* Exercise
Reproduce, exactly and in full, the lines from the one with "garage with sink, a" through the one with "Una mujer sosteniendo" in the data below; drop pictures.

* Material for the task
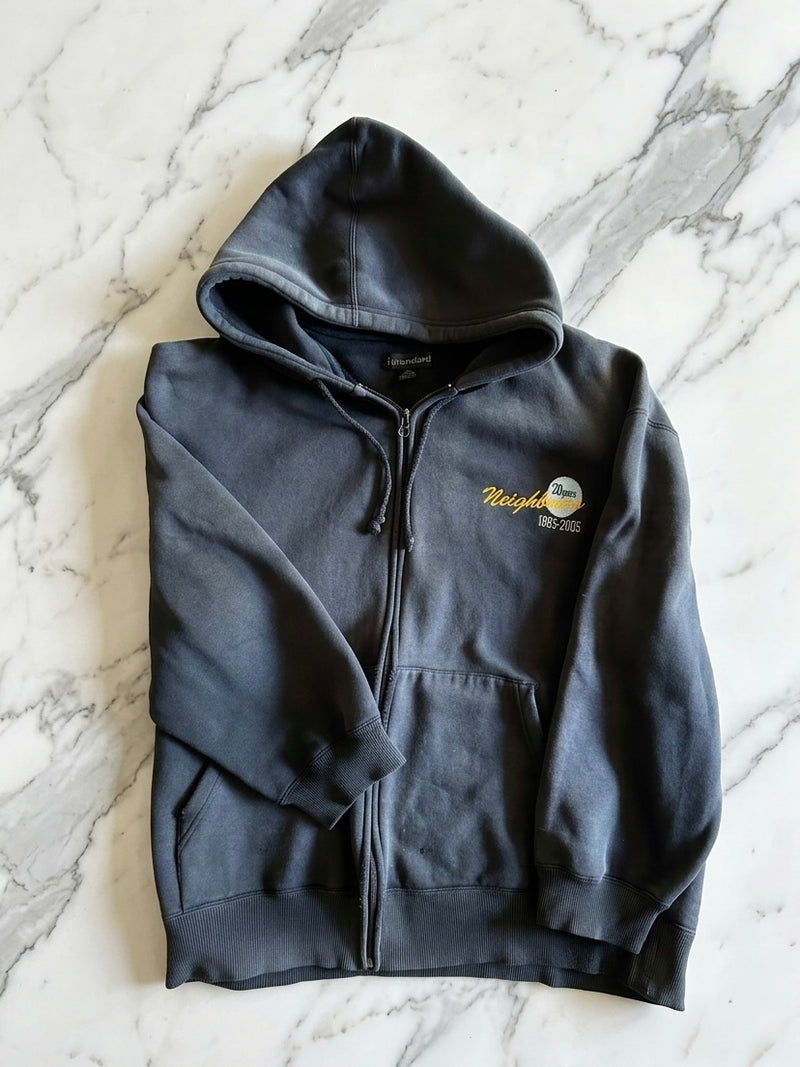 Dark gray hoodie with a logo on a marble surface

* * *

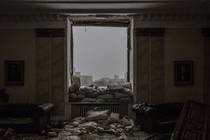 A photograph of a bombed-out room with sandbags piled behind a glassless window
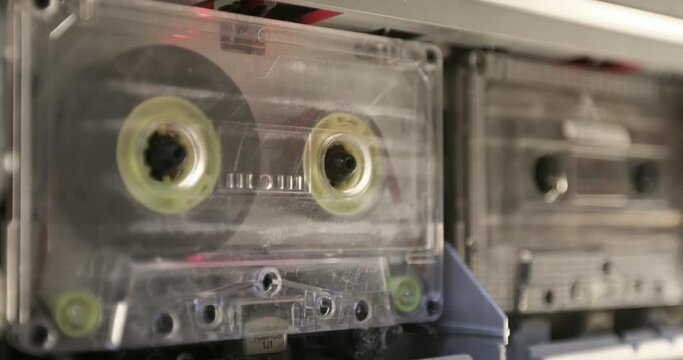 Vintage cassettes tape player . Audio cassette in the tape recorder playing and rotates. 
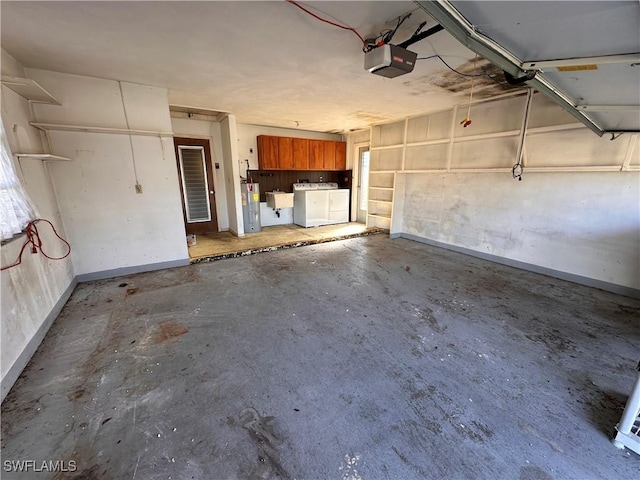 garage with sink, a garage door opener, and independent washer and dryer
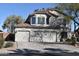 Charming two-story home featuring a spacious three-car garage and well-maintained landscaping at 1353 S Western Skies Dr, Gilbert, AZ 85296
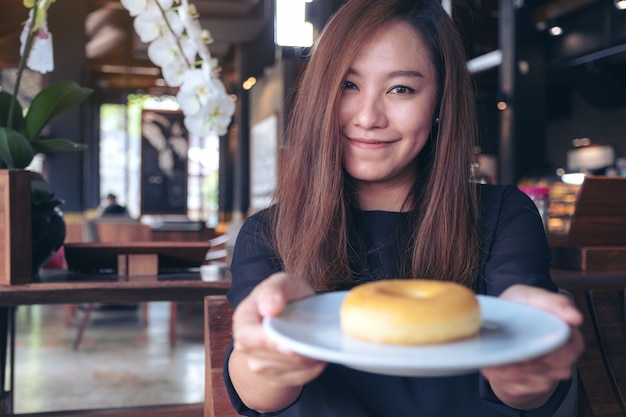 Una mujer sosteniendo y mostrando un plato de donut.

* Answer section
 garage with sink, a garage door opener, and independent washer and dryer
 Charming two-story home featuring a spacious three-car garage and well-maintained landscaping at 1353 S Western Skies Dr, Gilbert, AZ 85296
 Una mujer sosteniendo y mostrando un plato de donut.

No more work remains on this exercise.